“You, you have voted with the Baersdorps, you, Peter Van der Werff! You have done this thing, you, the friend of the Prince, the shield and providence of this brave city, you, the man who received the oaths of the citizens, the martyr’s son, the servant of liberty—”
“No more!” he interrupted, trembling with shame and rage. “Do you know what it is to bear the guilt of this most terrible suffering before God and men?”
“Yes, yes, thrice yes; it is laying one’s heart on the rack, to save Holland and liberty. That is what it means! Oh, God, my God! You are lost! You intend to negotiate with Valdez!”
“And suppose I do?” asked the burgomaster, with an angry gesture.
Maria looked him sternly in the eye, and exclaimed in a loud, resolute tone:
“Then it will be my turn to say: Go to Delft; we need different men here.”
The burgomaster turned pale and bent his eyes on the floor, while she fearlessly confronted him with a steady glance.
The light fell full upon her glowing face, and when Peter again raised his eyes, it seemed as if the same Maria stood before him, who as a bride had vowed to share trouble and peril with him, remain steadfast in the struggle for liberty to the end; he felt that his “child” Maria had grown to his own height and above him, recognized for the first time in the proud woman before him his companion in conflict, his high-hearted helper in distress and danger.

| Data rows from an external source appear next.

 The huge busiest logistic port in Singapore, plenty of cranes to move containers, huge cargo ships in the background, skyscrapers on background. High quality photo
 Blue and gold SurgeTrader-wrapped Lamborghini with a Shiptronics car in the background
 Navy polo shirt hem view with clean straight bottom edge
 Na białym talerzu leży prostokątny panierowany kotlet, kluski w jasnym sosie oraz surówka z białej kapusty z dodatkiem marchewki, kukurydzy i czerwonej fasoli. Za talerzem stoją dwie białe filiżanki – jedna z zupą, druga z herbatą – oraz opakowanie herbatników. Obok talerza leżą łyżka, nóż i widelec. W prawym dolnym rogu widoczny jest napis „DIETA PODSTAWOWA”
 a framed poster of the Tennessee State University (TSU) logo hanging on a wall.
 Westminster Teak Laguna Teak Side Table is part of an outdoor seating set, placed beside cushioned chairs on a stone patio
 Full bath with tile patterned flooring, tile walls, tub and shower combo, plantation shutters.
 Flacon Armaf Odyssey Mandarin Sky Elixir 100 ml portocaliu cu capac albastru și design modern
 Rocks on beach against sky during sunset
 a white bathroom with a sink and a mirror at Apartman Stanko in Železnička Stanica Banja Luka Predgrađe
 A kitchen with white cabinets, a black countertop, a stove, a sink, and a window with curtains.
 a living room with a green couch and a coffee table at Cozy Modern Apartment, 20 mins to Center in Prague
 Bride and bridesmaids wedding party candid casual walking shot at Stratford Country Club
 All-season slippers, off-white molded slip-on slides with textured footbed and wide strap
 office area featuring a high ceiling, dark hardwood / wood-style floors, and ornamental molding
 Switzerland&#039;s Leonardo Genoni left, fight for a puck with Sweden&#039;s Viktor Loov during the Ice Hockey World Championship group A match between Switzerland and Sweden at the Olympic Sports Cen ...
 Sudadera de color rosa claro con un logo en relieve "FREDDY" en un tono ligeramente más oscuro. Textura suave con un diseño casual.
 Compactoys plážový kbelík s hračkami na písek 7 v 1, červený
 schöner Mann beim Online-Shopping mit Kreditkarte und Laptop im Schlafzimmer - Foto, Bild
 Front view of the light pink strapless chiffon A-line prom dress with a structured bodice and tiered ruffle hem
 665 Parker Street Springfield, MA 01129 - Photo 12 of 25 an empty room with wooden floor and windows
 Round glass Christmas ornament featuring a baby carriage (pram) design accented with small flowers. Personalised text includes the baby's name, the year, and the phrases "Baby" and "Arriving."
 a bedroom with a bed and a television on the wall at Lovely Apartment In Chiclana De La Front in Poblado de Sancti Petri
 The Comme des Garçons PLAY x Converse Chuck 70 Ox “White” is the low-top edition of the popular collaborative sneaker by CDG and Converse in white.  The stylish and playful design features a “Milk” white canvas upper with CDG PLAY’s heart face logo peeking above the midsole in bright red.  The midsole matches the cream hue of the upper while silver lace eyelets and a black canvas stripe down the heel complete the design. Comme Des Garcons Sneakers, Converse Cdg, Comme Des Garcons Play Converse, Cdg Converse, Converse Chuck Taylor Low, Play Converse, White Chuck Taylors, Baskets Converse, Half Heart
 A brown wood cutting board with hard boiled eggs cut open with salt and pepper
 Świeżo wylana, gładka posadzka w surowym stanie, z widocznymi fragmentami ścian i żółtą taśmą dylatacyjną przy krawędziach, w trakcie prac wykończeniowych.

An overmastering yearning, mightier than any emotion ever experienced before, surged through his soul, impelled him towards her, and found utterance in the words:
“Maria, Maria, my wife, my guardian angel! We have written to Valdez, but there is still time,—nothing binds me yet, and with you, with you I will stand firm to the end.”
Then, in the midst of these days of woe, she threw herself on his breast, crying aloud in the abundance of this new, unexpected, unutterable happiness:
“With you, one with you—forever, unto death, in conflict and in love!”
CHAPTER XXXIII.
Peter felt animated with new life. A fresh store of courage and enthusiasm filled his breast, for he constantly received a new supply from the stout-hearted woman by his side.
Under the pressure of the terrible responsibility he endured, and urged by his fellow-magistrates, he had consented, at the meeting of the council, to write to Valdez and ask him to give free passage to embassadors, who were to entreat the estates and the Prince of Orange to release the tortured city from her oath.
Valdez made every effort to induce the burgomaster to enter into farther negotiations, but the latter remained firm, and no petition for release from the sacred duty of resistance left the city. The two Van der Does, Van Hout, Junker von Warmond, and other resolute men, who had already, in the great assembly, denounced any intercourse with the enemy, now valiantly supported him against his fellow-magistrates and the council, that with the exception of seven of its members, persistently and vehemently urged the commencement of negotiations.